→ EXERCISE INPUTS
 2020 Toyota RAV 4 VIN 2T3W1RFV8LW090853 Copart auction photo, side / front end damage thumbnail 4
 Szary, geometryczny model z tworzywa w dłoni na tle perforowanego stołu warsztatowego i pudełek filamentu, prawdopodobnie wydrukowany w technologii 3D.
...
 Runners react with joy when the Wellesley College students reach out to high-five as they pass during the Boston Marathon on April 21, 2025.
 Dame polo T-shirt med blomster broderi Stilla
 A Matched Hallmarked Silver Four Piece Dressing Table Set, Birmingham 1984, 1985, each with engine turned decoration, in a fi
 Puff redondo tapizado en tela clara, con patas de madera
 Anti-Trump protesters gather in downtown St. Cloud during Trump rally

→ WORK INSTRUCTIONS
Copy the lines above exactly, beginning at the line that has "2020 Toyota RAV" and stopping after the line that has "Szary, geometryczny model", and omit the rest.

→ COMPLETED TASK
 2020 Toyota RAV 4 VIN 2T3W1RFV8LW090853 Copart auction photo, side / front end damage thumbnail 4
 Szary, geometryczny model z tworzywa w dłoni na tle perforowanego stołu warsztatowego i pudełek filamentu, prawdopodobnie wydrukowany w technologii 3D.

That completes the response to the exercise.